(Information supplied)

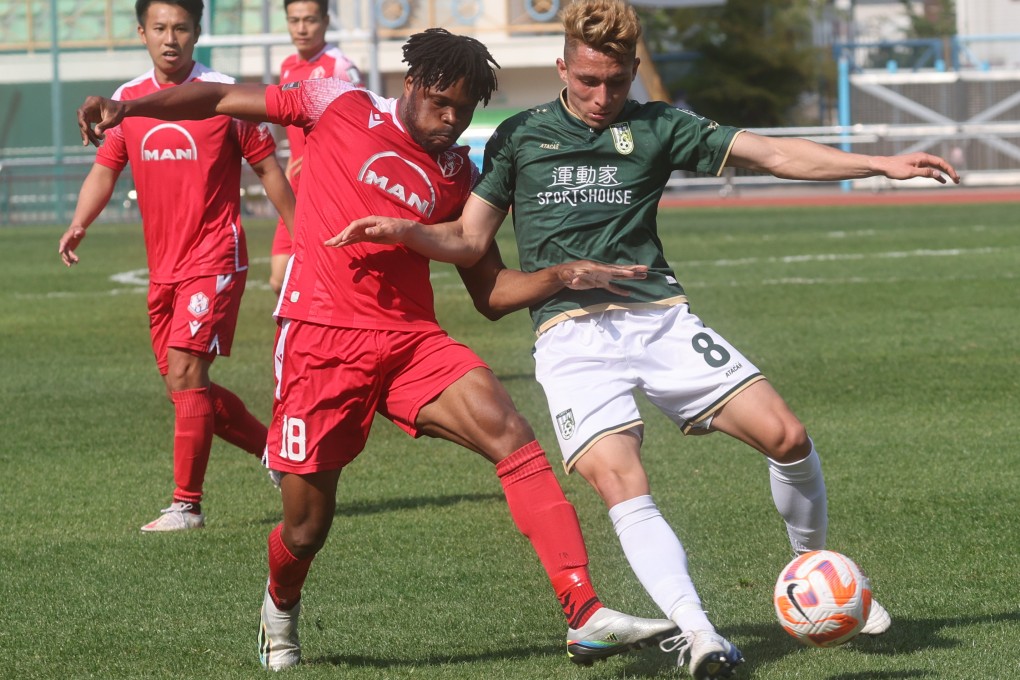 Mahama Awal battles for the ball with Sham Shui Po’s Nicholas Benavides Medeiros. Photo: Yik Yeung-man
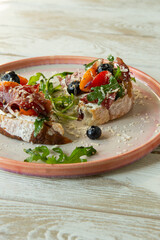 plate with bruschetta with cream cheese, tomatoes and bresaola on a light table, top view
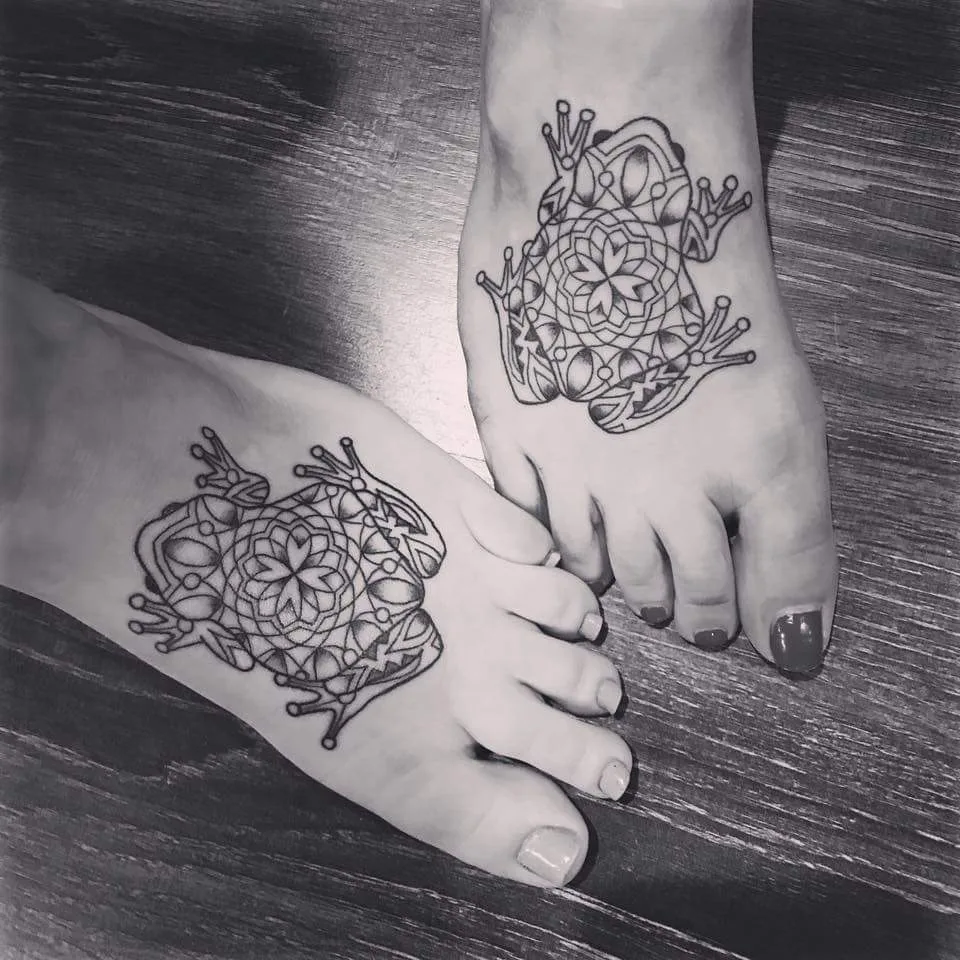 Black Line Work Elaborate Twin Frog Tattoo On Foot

(End Information supplied)

Beginning with the line that has "plate with bruschetta", repeat each remaining line of the data above word for word, keeping pictures out.

Response to this exercise:
 plate with bruschetta with cream cheese, tomatoes and bresaola on a light table, top view
 Black Line Work Elaborate Twin Frog Tattoo On Foot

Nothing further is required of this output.